*** Opening MATERIALS PROVIDED ***
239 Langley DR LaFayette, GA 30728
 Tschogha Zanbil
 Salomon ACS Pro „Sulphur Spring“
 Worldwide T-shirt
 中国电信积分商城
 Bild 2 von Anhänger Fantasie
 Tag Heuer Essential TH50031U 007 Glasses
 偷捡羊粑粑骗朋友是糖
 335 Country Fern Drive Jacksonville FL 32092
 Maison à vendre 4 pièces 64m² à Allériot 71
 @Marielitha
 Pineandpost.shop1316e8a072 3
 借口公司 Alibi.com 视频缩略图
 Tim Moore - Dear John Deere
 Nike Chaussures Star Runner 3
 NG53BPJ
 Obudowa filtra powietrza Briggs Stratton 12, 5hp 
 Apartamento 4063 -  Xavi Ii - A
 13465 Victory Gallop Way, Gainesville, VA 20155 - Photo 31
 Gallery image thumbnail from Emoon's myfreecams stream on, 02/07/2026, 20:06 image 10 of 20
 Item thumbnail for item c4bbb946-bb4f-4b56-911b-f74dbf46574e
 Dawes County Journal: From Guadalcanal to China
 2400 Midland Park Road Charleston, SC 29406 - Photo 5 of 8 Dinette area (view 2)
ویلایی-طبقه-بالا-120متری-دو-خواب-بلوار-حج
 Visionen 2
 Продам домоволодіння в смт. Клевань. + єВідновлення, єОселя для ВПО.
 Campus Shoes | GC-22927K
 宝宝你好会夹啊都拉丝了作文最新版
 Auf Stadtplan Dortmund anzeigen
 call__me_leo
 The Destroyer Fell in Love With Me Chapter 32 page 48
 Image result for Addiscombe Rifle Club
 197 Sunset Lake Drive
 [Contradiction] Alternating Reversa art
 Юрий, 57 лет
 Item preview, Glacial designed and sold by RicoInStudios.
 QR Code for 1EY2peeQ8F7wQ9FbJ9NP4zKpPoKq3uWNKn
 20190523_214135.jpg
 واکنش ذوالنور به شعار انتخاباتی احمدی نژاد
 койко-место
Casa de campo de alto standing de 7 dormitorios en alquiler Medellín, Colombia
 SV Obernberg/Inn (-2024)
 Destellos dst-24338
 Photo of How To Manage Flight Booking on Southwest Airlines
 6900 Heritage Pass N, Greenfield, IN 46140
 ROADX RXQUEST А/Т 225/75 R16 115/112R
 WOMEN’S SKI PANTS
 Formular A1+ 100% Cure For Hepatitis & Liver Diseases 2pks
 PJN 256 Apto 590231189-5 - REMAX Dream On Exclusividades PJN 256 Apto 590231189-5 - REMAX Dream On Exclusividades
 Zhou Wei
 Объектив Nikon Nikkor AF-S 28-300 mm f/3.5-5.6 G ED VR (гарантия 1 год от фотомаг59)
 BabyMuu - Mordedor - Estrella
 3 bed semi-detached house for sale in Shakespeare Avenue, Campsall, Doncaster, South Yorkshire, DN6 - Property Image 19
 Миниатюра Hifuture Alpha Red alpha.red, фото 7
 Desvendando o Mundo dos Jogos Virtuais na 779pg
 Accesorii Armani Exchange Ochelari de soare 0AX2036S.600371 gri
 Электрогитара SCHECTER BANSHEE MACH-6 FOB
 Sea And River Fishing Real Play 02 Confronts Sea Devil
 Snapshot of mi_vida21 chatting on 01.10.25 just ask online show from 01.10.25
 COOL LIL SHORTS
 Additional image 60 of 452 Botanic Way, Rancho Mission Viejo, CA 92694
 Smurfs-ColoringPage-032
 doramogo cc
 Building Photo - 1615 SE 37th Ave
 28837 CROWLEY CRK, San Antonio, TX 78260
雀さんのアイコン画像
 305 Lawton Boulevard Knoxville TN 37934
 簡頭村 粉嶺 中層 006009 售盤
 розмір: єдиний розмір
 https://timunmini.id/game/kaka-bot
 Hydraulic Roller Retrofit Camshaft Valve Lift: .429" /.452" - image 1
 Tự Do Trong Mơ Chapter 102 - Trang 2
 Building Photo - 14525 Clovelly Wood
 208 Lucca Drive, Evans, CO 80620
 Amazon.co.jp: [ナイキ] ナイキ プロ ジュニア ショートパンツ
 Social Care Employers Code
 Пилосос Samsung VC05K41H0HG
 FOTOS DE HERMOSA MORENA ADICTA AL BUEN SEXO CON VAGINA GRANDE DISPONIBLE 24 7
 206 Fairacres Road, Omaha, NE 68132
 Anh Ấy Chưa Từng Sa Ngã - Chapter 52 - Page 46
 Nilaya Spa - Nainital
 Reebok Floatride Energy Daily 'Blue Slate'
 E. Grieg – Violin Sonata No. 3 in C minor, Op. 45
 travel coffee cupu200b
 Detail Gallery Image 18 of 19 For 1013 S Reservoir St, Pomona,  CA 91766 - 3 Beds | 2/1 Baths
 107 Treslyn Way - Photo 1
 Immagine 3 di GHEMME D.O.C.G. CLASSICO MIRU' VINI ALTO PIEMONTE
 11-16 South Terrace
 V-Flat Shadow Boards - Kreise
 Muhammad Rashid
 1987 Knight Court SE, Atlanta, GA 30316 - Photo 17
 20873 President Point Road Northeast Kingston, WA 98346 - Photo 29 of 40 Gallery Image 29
*** Closing MATERIALS PROVIDED ***
BRIEF — Would you write out all the records exactly as they read?

EXPECTED ANSWER —
239 Langley DR LaFayette, GA 30728
 Tschogha Zanbil
 Salomon ACS Pro „Sulphur Spring“
 Worldwide T-shirt
 中国电信积分商城
 Bild 2 von Anhänger Fantasie
 Tag Heuer Essential TH50031U 007 Glasses
 偷捡羊粑粑骗朋友是糖
 335 Country Fern Drive Jacksonville FL 32092
 Maison à vendre 4 pièces 64m² à Allériot 71
 @Marielitha
 Pineandpost.shop1316e8a072 3
 借口公司 Alibi.com 视频缩略图
 Tim Moore - Dear John Deere
 Nike Chaussures Star Runner 3
 NG53BPJ
 Obudowa filtra powietrza Briggs Stratton 12, 5hp 
 Apartamento 4063 -  Xavi Ii - A
 13465 Victory Gallop Way, Gainesville, VA 20155 - Photo 31
 Gallery image thumbnail from Emoon's myfreecams stream on, 02/07/2026, 20:06 image 10 of 20
 Item thumbnail for item c4bbb946-bb4f-4b56-911b-f74dbf46574e
 Dawes County Journal: From Guadalcanal to China
 2400 Midland Park Road Charleston, SC 29406 - Photo 5 of 8 Dinette area (view 2)
ویلایی-طبقه-بالا-120متری-دو-خواب-بلوار-حج
 Visionen 2
 Продам домоволодіння в смт. Клевань. + єВідновлення, єОселя для ВПО.
 Campus Shoes | GC-22927K
 宝宝你好会夹啊都拉丝了作文最新版
 Auf Stadtplan Dortmund anzeigen
 call__me_leo
 The Destroyer Fell in Love With Me Chapter 32 page 48
 Image result for Addiscombe Rifle Club
 197 Sunset Lake Drive
 [Contradiction] Alternating Reversa art
 Юрий, 57 лет
 Item preview, Glacial designed and sold by RicoInStudios.
 QR Code for 1EY2peeQ8F7wQ9FbJ9NP4zKpPoKq3uWNKn
 20190523_214135.jpg
 واکنش ذوالنور به شعار انتخاباتی احمدی نژاد
 койко-место
Casa de campo de alto standing de 7 dormitorios en alquiler Medellín, Colombia
 SV Obernberg/Inn (-2024)
 Destellos dst-24338
 Photo of How To Manage Flight Booking on Southwest Airlines
 6900 Heritage Pass N, Greenfield, IN 46140
 ROADX RXQUEST А/Т 225/75 R16 115/112R
 WOMEN’S SKI PANTS
 Formular A1+ 100% Cure For Hepatitis & Liver Diseases 2pks
 PJN 256 Apto 590231189-5 - REMAX Dream On Exclusividades PJN 256 Apto 590231189-5 - REMAX Dream On Exclusividades
 Zhou Wei
 Объектив Nikon Nikkor AF-S 28-300 mm f/3.5-5.6 G ED VR (гарантия 1 год от фотомаг59)
 BabyMuu - Mordedor - Estrella
 3 bed semi-detached house for sale in Shakespeare Avenue, Campsall, Doncaster, South Yorkshire, DN6 - Property Image 19
 Миниатюра Hifuture Alpha Red alpha.red, фото 7
 Desvendando o Mundo dos Jogos Virtuais na 779pg
 Accesorii Armani Exchange Ochelari de soare 0AX2036S.600371 gri
 Электрогитара SCHECTER BANSHEE MACH-6 FOB
 Sea And River Fishing Real Play 02 Confronts Sea Devil
 Snapshot of mi_vida21 chatting on 01.10.25 just ask online show from 01.10.25
 COOL LIL SHORTS
 Additional image 60 of 452 Botanic Way, Rancho Mission Viejo, CA 92694
 Smurfs-ColoringPage-032
 doramogo cc
 Building Photo - 1615 SE 37th Ave
 28837 CROWLEY CRK, San Antonio, TX 78260
雀さんのアイコン画像
 305 Lawton Boulevard Knoxville TN 37934
 簡頭村 粉嶺 中層 006009 售盤
 розмір: єдиний розмір
 https://timunmini.id/game/kaka-bot
 Hydraulic Roller Retrofit Camshaft Valve Lift: .429" /.452" - image 1
 Tự Do Trong Mơ Chapter 102 - Trang 2
 Building Photo - 14525 Clovelly Wood
 208 Lucca Drive, Evans, CO 80620
 Amazon.co.jp: [ナイキ] ナイキ プロ ジュニア ショートパンツ
 Social Care Employers Code
 Пилосос Samsung VC05K41H0HG
 FOTOS DE HERMOSA MORENA ADICTA AL BUEN SEXO CON VAGINA GRANDE DISPONIBLE 24 7
 206 Fairacres Road, Omaha, NE 68132
 Anh Ấy Chưa Từng Sa Ngã - Chapter 52 - Page 46
 Nilaya Spa - Nainital
 Reebok Floatride Energy Daily 'Blue Slate'
 E. Grieg – Violin Sonata No. 3 in C minor, Op. 45
 travel coffee cupu200b
 Detail Gallery Image 18 of 19 For 1013 S Reservoir St, Pomona,  CA 91766 - 3 Beds | 2/1 Baths
 107 Treslyn Way - Photo 1
 Immagine 3 di GHEMME D.O.C.G. CLASSICO MIRU' VINI ALTO PIEMONTE
 11-16 South Terrace
 V-Flat Shadow Boards - Kreise
 Muhammad Rashid
 1987 Knight Court SE, Atlanta, GA 30316 - Photo 17
 20873 President Point Road Northeast Kingston, WA 98346 - Photo 29 of 40 Gallery Image 29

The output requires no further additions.